The monarch butterfly species may be 250,000 years old, but it’s only taken humans about 15 to devastate their whole population. I guess we’re just overachievers like that.
A March study showed that genetically modified Roundup-ready crops were responsible for much of the monarchs’ decline. Roundup is killing off the milkweed on which the monarchs lay their eggs, and sprawl and recent droughts threaten the milkweed as well. If that weren’t enough, monarchs are losing a grip on the 60-square-mile area where they winter in Mexico. From In These Times:
Michoacáns near the state’s 12 butterfly reserves often turn to illegal logging because they have few other sources of income. It can take an illegal logger less than an hour to chop down a pine tree that has been sheltering monarchs for centuries. “From 1986 to 2006, 20 percent of the forest reserves in Michoacán were disturbed,” says Maria Isabel Ramirez, a geographer and conservationist from the National Autonomous University of Mexico. “More than 60 percent of this loss is tied to illegal extractions.”
Activists are working on both sides of the border to reestablish the monarchs’ once-glorious orangey reign, fighting the spread of Roundup in the U.S. and giving Mexican villagers better options than chopping down monarch habitat.

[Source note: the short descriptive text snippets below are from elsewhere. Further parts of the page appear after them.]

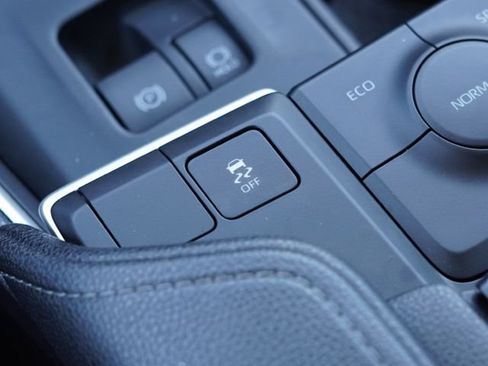 Certified 2026 Toyota Grand Highlander AWD Hybrid image 38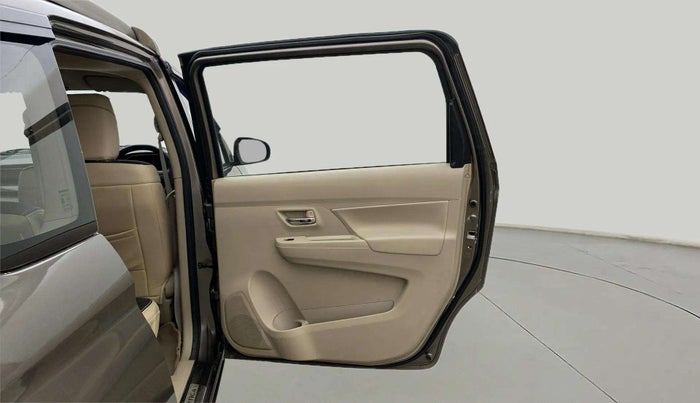 2020 Maruti Ertiga ZXI SHVS, Petrol, Manual, 52,668 km, RHS Rear Door
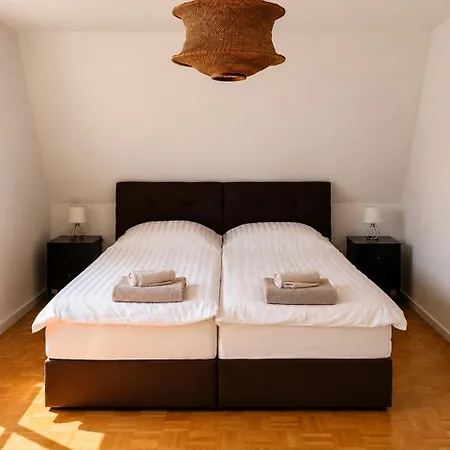 Schee Panorama - Ideal Für Gruppen Und Familien * Nördlingen
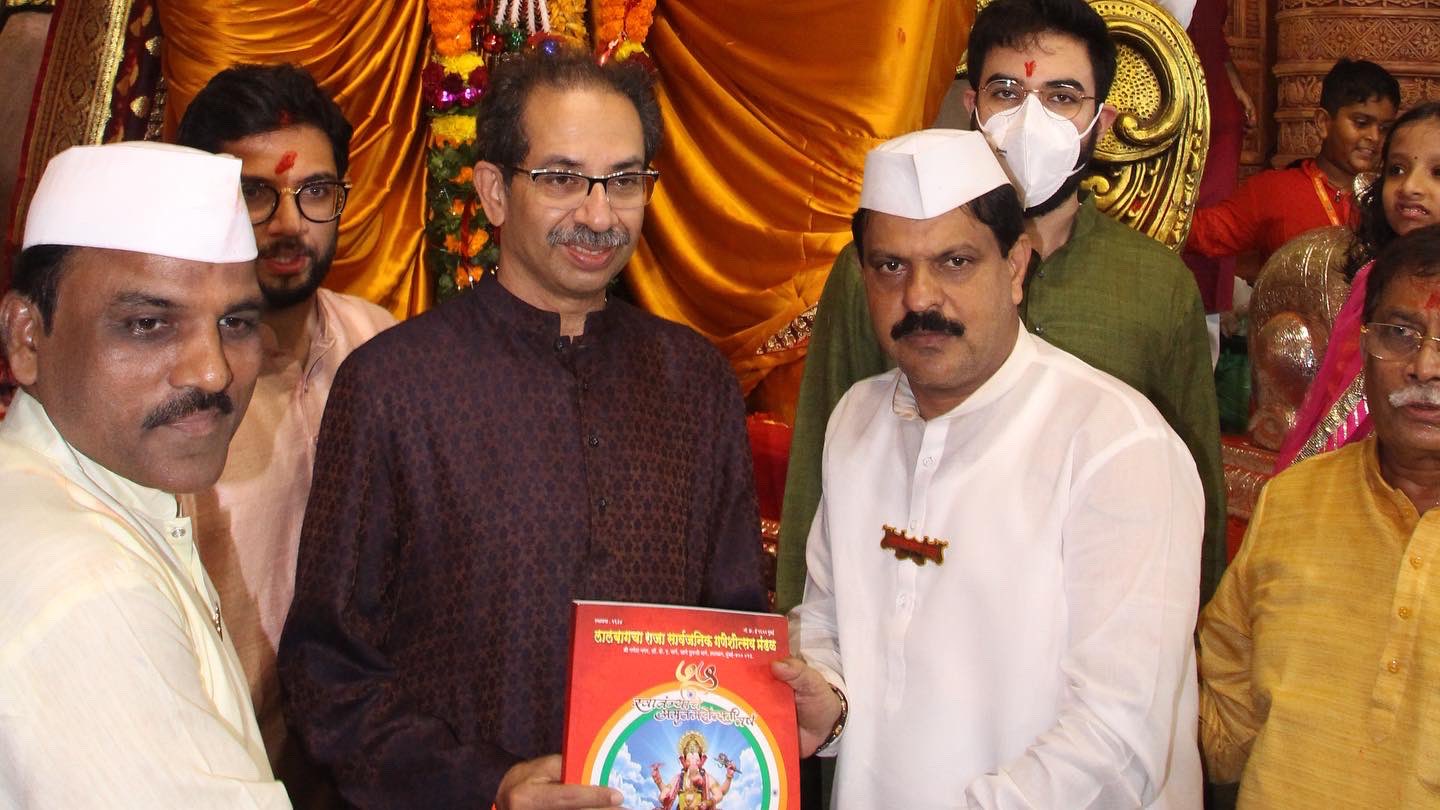 Ganesh Utsav 2022 Shiv Sena Leader Aditya Thackeray Visited Various Supporters home and Lalbagh Cha Raja With Ex CM Uddhav Thackeray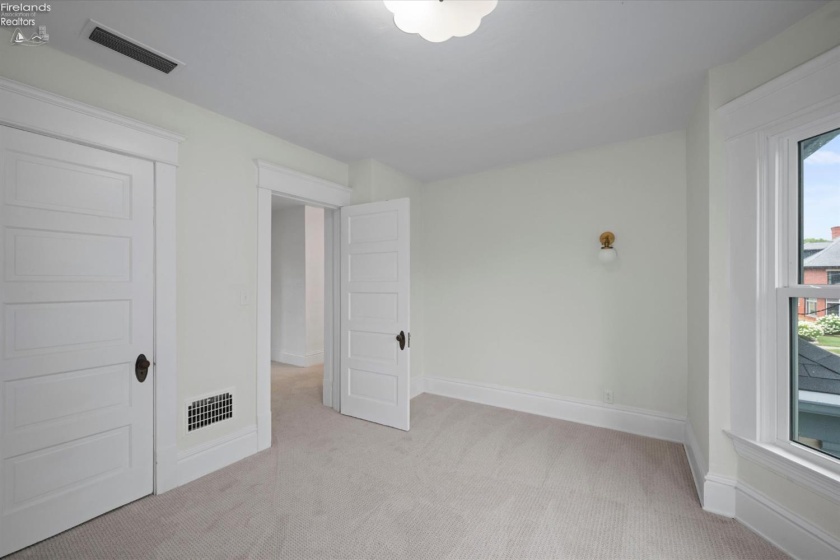 521 2nd Street, Port Clinton, 43452, 5 Bedrooms Bedrooms, ,3 BathroomsBathrooms,Residential,For Sale,2nd,20263117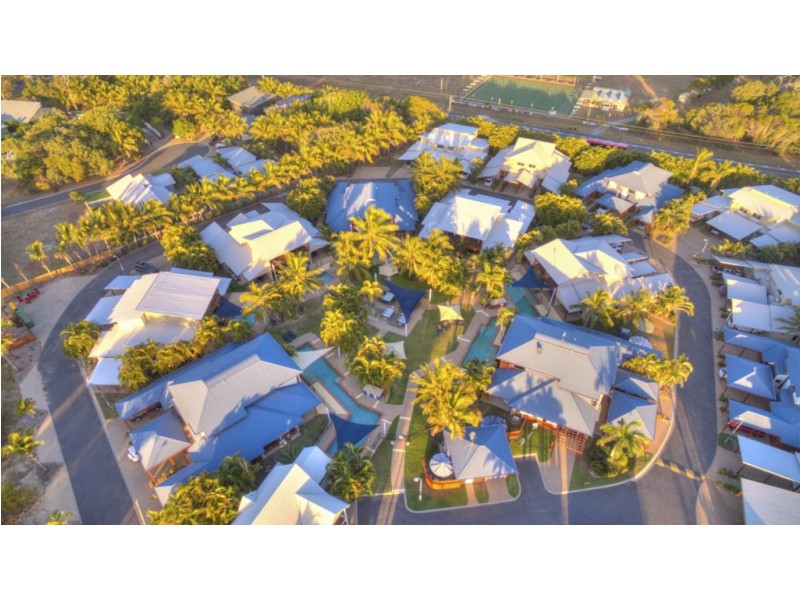 5 Beaches Village Circuit, Agnes Water QLD 4677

[T]he World Wildlife Fund, a Washington, D.C.-based nonprofit, pays Michoacán villagers to patrol forest reserves and protect them from illegal logging. Similarly, Ecolife, which is based in Escondido, Calif., provides villagers with newfangled stoves that require less pine and fir wood than traditional ovens do. And the Roseville, Minn.-based Monarch Butterfly Fund plants 30,000 seedlings per year in this threatened forest region.
In the United States, butterfly lovers are offsetting the milkweed die-off by building “monarch way stations,” such as the milkweed gardens that are now growing everywhere from a convention center roof in Pittsburgh to Debbie Jackson’s backyard in Davisburg, Mich.
If you’re planting a “butterfly garden,” though, you’re likely to attract other non-native pests like aphids, so the Los Angeles Times recommends that you get yourself some baby ladybugs.
And if you have no space to plant milkweed (coughseedbombcough), you can at least see some of the remaining monarchs in action in the new film Flight of the Butterflies. They say, “You will never think the same way about this intrepid creature after seeing the macro work of Oscar winner Peter Parks,” so that sounds promising, unless you already thought they were pretty and awesome.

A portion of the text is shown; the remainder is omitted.